* _Task instructions_
Retype the records below word for word and omit any image.

* _Data shown_
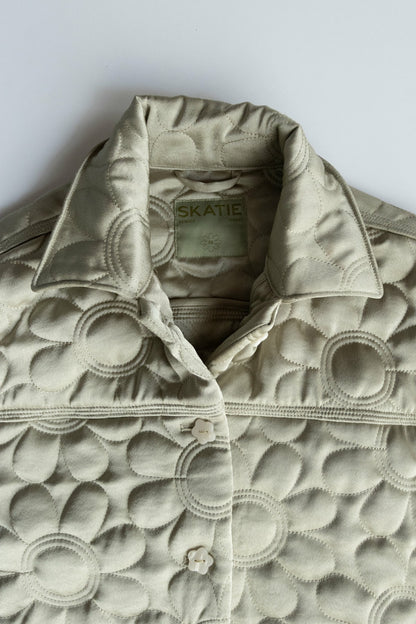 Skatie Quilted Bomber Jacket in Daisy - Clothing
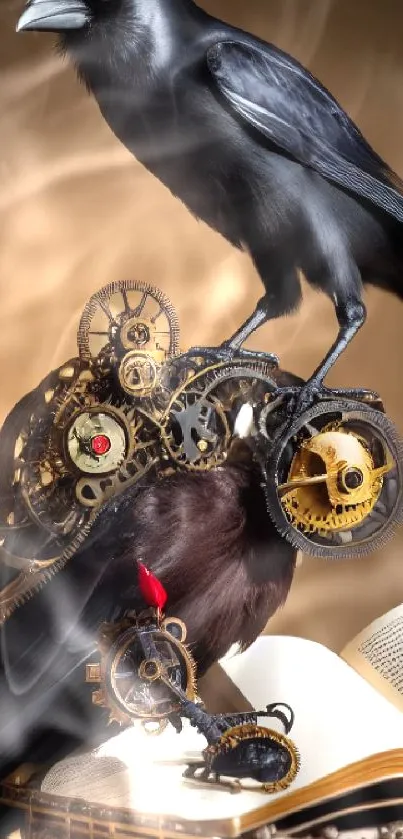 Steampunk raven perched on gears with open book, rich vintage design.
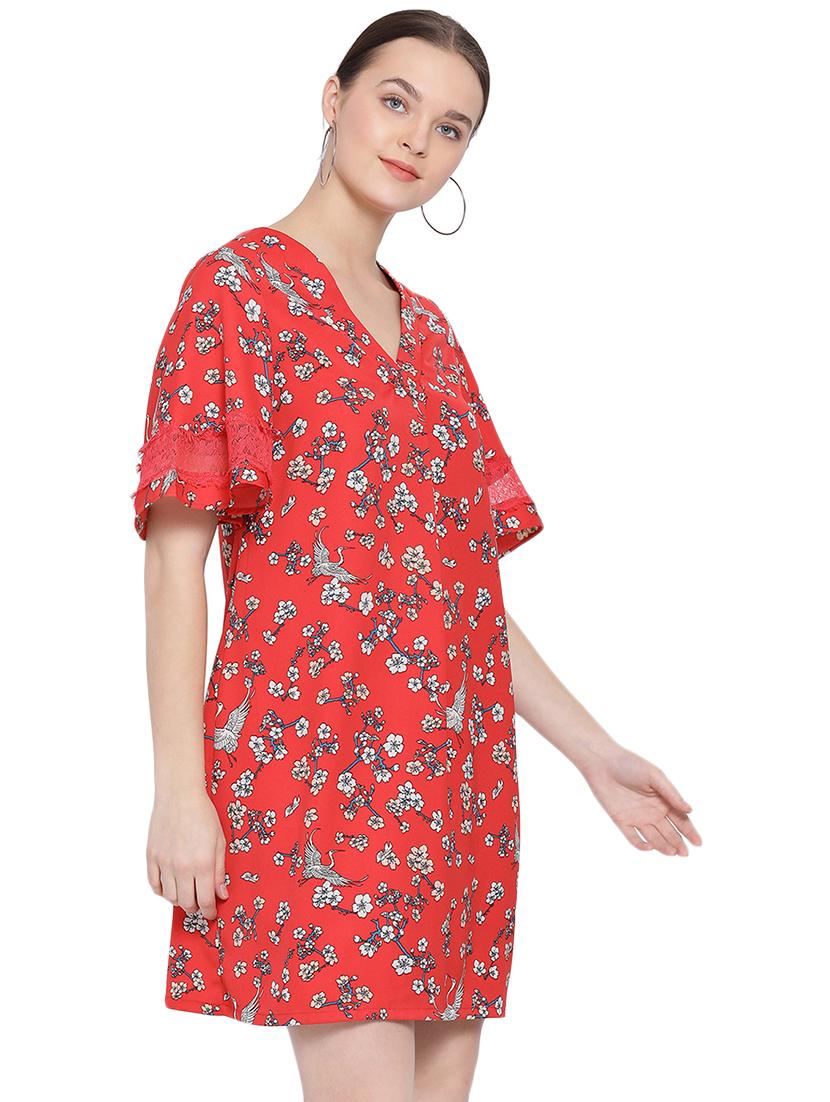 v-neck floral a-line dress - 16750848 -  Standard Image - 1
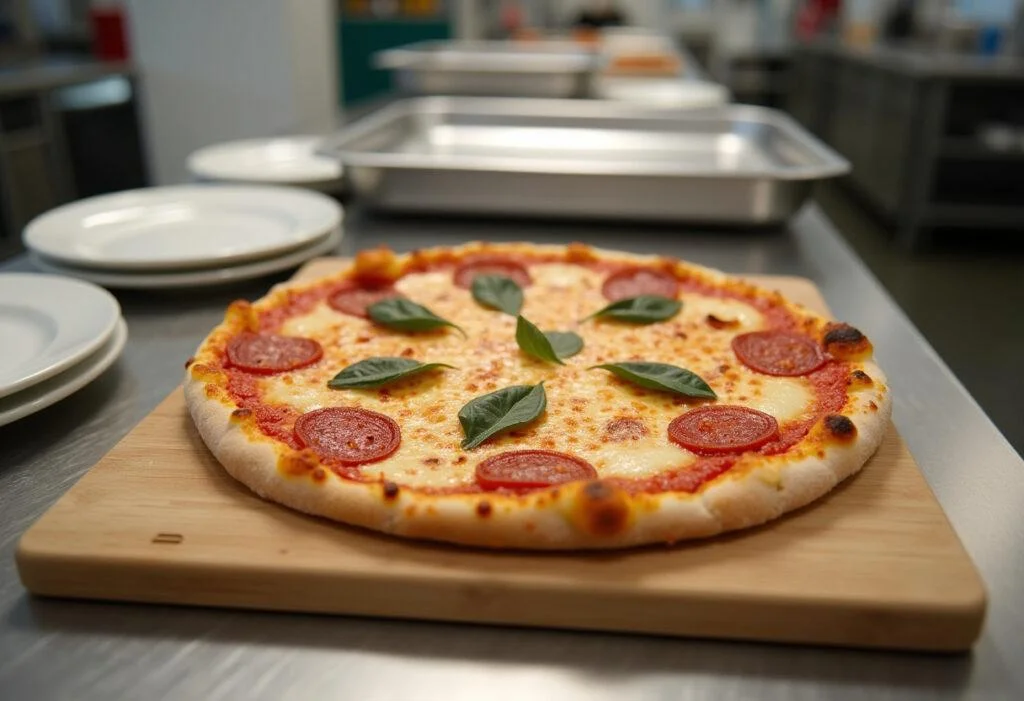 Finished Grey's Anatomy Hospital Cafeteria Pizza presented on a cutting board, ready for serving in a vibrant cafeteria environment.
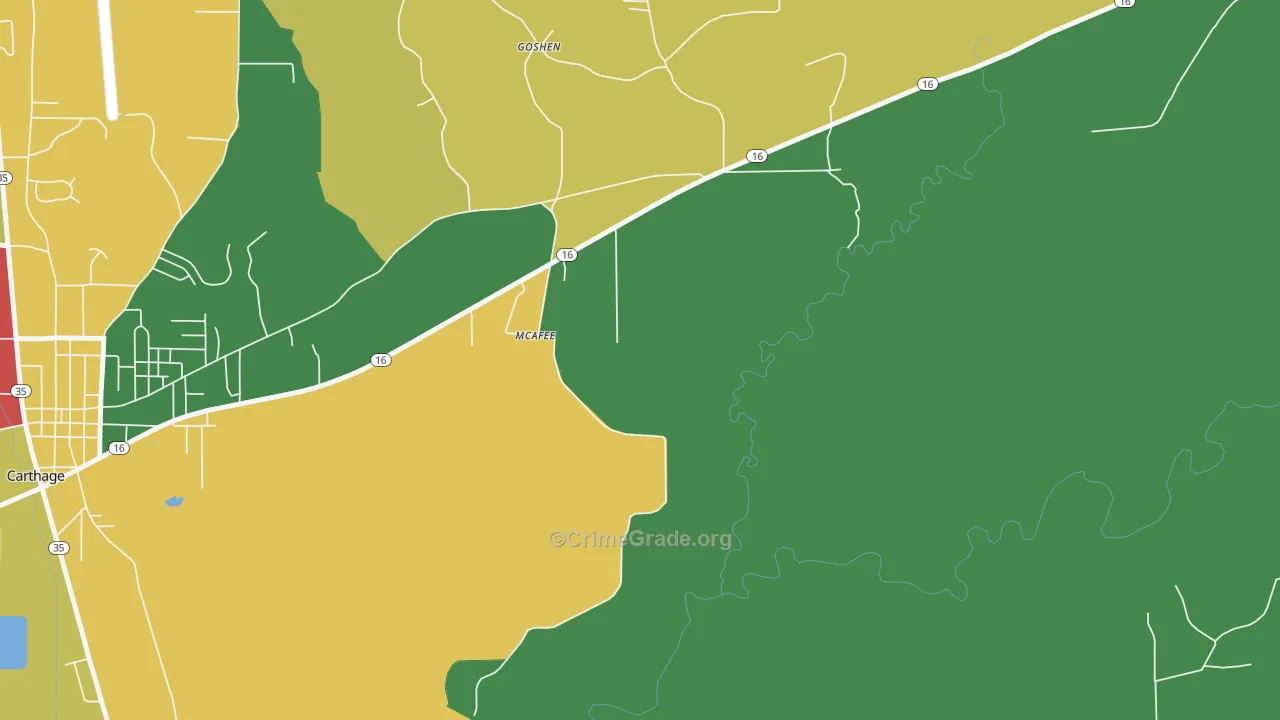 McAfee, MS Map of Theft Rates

* _Answer to the problem_
 Skatie Quilted Bomber Jacket in Daisy - Clothing
 Steampunk raven perched on gears with open book, rich vintage design.
 v-neck floral a-line dress - 16750848 -  Standard Image - 1
 Finished Grey's Anatomy Hospital Cafeteria Pizza presented on a cutting board, ready for serving in a vibrant cafeteria environment.
 McAfee, MS Map of Theft Rates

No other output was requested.